We all rely on our friends for support, and we depend on them to be our confidantes.
That’s why it can be so hurtful when a friend betrays that trust or isn’t there for us when we really need them. That could be a sign that you have a “fairweather friend” or someone who’s only around for the good times. And even worse, you could have an acquaintance, friend, or relative who you can’t actually trust with the private or personal details of your life.
This can be more than an inconvenience. A 2017 study found that distrustful friendships can negatively impact well-being.
Do you have a suspicion that someone in your inner circle may not be completely trustworthy? Not sure how to figure out who to trust or not? Here are eight warning signs that you may not be able to confide in one of your friends.
It’s as simple as that. If you suspect a friend may not be trustworthy, pay attention to his or her behavior. Do they do what they say they’re going to do? Do they show up when and where you need them? Are they there for the bad times as well as the good? There’s a famous saying that 80 percent of life is showing up. If your friend doesn’t pass this simple but all-important test, it may tell you all you need to know.
Do your friends talk endlessly about the issues and problems of other people? It’s noteworthy to remember that a gossip rarely portrays his or her subjects in a positive light. It’s also unrealistic to believe that a gossip only gossips when you’re around–or that he or she holds his tongue about you when you’re not. As with many things in life, gossip is as gossip does.
You can tell a lot about how trustworthy your friend by simply paying attention to their behavior while they’re in your presence. It doesn’t take a private detective to figure out whether your friend is honest or dishonest–just looking and listening to their patterns will tell you all you need to know.
When it’s time to get down and have some fun, your friend may well be the life of the party. There may be plenty of laughter or adventure.

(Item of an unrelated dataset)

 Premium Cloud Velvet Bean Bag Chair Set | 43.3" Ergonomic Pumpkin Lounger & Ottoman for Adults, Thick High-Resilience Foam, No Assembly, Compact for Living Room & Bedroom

And those are certainly important and valuable things.
But what happens when you get a flat tire and need a ride to work? Or what if you had a rough day and need to vent to someone over coffee? Does this friend raise their hand, or do they recede into the crowd? The answer says a lot about who they really are.
In a positive long-term friendship, friends will be happy for one another’s accomplishments. And not only because they are proud of you, but because the success of one group member reflects well on the entire group. If your friend isn’t happy about what you’ve achieved, they may not be fully committed to the friendship–or your best interests.

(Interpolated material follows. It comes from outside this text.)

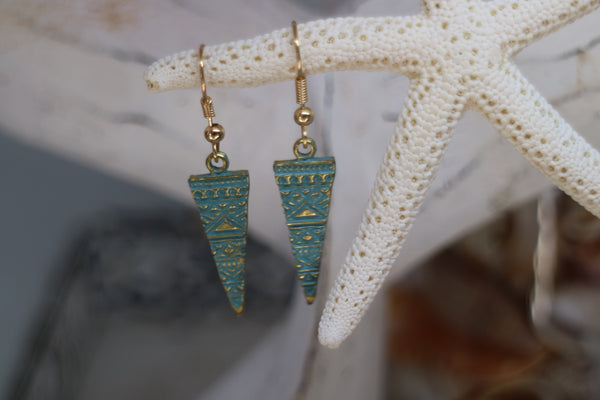 Load image into Gallery viewer, Blue Patina Bohemian Antique Copper Gold Earrings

This happens all the time. Behind closed doors, the friend is kind and supportive. But when you’re in a group, they give you a bit of a cold shoulder. Which side is the real person? Does it matter? Either way, one of those two personalities is deceptive, and that’s more than enough to show a person can’t be trusted.
It’s almost too obvious to point out that if a friend betrays your trust by divulging information you said or strongly implied was confidential they cannot be trusted. But there’s another, more subtle step involved here. If you share personal, potentially damaging information with them and they choose (even jokingly) to dangle a threat over your head that they will reveal the information, that’s a power grab tactic of someone you can’t trust.

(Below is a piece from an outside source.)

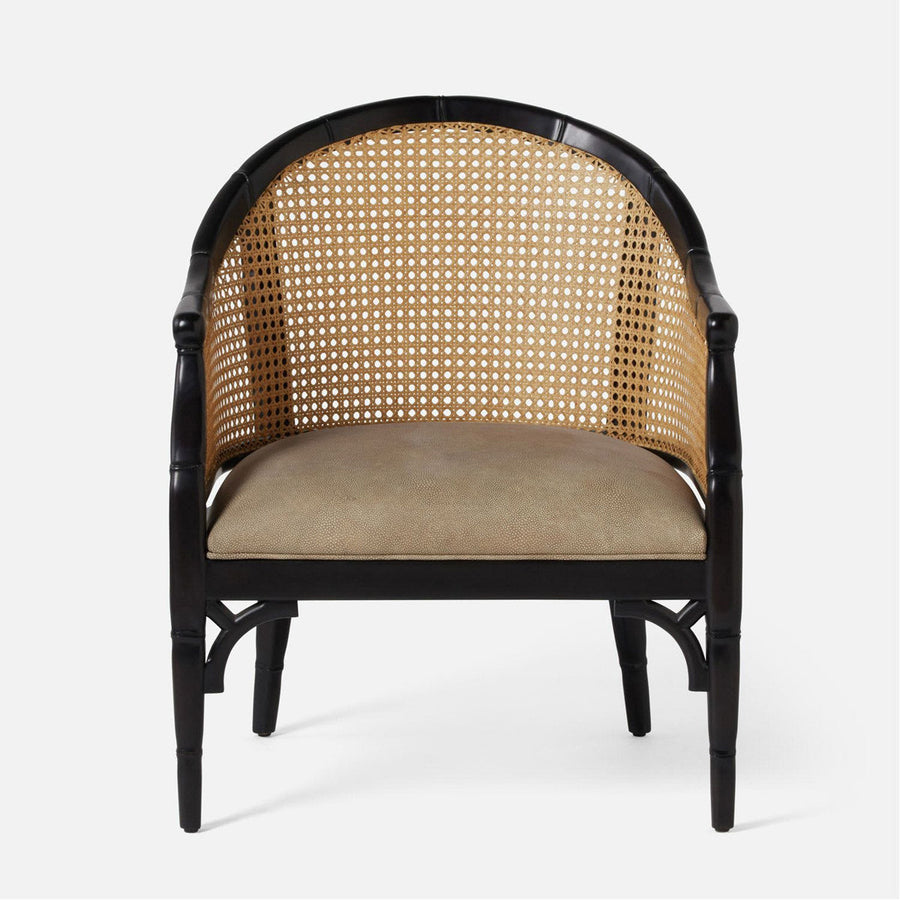 Made Goods Elena Cane-Back Barrel Lounge Chair in Black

There’s a fine line between complimenting someone and overdoing it for some kind of selfish purpose. The latter is buttering someone up. If your friend is ridiculously charming, there may be a reason to suspect they have an ulterior motive. Then again, it might be harmless; this one requires a little more insight to confirm, but if it’s noticeable then it’s a red flag.
If you have a distrustful friend in your ranks, it’s certain you’ll recognize at least a few of these warning signs.
If you conclude that you can’t trust your friend, perhaps the obvious way forward break ties with them. Unfortunately, doing so may not be realistic for many reasons. Ultimately only you can determine the best course of action to deal with a distrustful friend. But understanding the signs can help you know whether or not a person is trustworthy, and as with many things in life, knowing is half the battle.